Des signes annonciateurs

Si pour beaucoup la surprise est totale, néanmoins les signes annonciateurs se sont accumulés ces derniers mois. Ainsi, selon un fournisseur, l’enseigne a progressivement perdu une grande partie de ses encours à partir du printemps dernier. Ce qui n’a pas tardé à occasionner des ruptures d’approvisionnement sur un nombre de plus en plus important de marques et de fournisseurs. Les représentants du personnel citent notamment Banque Magnétique, LaCie, Sony et tout dernièrement Western Digital.

Autre élément alarmant : les pertes de 34 M€ (sur 160 M€ de CA) enregistrées sur l’exercice 2010-2011 – toujours non publié – et la recapitalisation de 20 M€ qui a suivi à l’automne dernier. Des pertes elles-mêmes précédée d’un résultat net négatif presqu’aussi important (26,5 M€) sur l’exercice précédent. Plus inquiétant, malgré le plan social de l’été 2010, qui s’était traduit par le licenciement 174 salariés, et la fermeture l’été dernier de deux magasins (Belle Epine et Strasbourg) sur huit, ayant entraîné 40 départs supplémentaires, les dirigeants avaient prévenu que l’activité resterait déficitaire cette année.

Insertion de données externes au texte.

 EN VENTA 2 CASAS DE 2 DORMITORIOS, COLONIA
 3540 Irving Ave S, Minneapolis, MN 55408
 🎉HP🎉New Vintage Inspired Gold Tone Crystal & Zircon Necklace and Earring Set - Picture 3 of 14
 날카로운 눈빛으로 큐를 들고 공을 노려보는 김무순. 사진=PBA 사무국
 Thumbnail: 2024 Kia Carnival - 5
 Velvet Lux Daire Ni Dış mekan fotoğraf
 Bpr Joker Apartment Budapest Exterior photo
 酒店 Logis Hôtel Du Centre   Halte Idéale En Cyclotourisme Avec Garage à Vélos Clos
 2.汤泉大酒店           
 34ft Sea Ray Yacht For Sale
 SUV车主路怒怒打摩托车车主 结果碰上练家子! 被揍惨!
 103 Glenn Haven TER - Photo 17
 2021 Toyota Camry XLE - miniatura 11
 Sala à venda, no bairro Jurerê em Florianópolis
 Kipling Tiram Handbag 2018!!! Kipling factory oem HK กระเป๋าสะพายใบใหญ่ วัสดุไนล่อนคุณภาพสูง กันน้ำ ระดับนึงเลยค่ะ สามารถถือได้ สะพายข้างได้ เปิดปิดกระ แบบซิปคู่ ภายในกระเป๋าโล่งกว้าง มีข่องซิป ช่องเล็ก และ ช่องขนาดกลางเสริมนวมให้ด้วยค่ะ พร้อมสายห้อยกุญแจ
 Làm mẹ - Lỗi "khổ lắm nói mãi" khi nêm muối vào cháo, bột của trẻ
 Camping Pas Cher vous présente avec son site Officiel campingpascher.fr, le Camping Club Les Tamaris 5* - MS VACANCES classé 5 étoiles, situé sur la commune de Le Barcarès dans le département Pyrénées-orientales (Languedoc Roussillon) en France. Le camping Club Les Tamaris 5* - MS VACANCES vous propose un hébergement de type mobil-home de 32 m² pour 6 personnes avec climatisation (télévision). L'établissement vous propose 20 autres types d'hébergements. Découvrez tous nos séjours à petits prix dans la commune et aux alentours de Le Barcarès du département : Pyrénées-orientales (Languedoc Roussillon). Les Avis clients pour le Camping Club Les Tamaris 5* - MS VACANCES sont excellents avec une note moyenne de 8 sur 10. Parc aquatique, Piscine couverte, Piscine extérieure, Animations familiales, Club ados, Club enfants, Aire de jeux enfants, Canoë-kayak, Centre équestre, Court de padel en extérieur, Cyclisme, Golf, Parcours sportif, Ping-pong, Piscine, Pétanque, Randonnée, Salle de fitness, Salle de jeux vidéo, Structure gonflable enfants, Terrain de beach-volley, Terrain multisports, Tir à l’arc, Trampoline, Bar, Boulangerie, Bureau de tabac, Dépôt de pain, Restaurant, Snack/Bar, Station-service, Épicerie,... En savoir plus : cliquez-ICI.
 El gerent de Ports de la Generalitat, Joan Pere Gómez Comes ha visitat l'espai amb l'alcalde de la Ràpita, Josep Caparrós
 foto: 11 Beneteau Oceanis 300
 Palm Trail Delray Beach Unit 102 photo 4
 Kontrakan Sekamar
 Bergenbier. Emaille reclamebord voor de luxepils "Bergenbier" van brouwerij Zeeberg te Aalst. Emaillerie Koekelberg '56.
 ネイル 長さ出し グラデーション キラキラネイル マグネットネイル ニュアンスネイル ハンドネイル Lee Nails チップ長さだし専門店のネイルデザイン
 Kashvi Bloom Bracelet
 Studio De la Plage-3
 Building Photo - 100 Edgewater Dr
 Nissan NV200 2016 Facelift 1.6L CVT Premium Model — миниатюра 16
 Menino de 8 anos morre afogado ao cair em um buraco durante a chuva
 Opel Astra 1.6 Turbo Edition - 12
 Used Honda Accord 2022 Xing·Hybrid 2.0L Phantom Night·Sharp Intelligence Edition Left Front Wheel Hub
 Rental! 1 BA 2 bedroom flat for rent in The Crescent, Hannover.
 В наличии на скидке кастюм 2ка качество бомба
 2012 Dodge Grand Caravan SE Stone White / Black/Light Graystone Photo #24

Des errements stratégiques

Dans un communiqué, l’intersyndicale CFTC-CGT-CFE-CGC et le Comité central d’entreprise pointent les errements stratégiques et les erreurs de gestion du PDG. Ils dénoncent notamment les 174 licenciements de 2010, qui ont visé des personnes détenant pour la plupart le savoir-faire de l’entreprise, sacrifiés non pour des motifs économiques mais pour imposer une nouvelle politique salariale. En cause également, les investissements dans le nouveau siège social de Lille, l’échec de la migration vers un nouveau système d’information, le changement improvisé de plate-forme logistique…

Aucune information n’a filtré sur le montant du passif ni sur les pertes d’exploitation. On ne sait pas non plus quelles sont exactement les intentions de Hughes Mulliez. Selon nos informations, il préparerait un plan de continuation d’activité par apurement de la dette basé sur une évolution du modèle de vente. Son scénario prévoirait de supprimer la plus grande partie du stock en magasin et d’y déployer des bornes interactives permettant d’accéder au catalogue. Les salariés, officiellement au nombre de 500 – probablement beaucoup moins [*] – pourraient avoir à subir une nouvelle salve de licenciements.

 

[MAJ du 2/03/12] : Surcouf a confirmé hier dans un communiqué avoir obtenu l’ouverture d’une procédure de redressement judiciaire du Tribunal de commerce de Lille. Une démarche rendue nécessaire par « la rupture du crédit fournisseur dont bénéficiait la société ».

[*] : Dans un article daté du 1/03/12 citant Hughes Mulliez, Les Echos fait état d’un effectif de 450 personnes.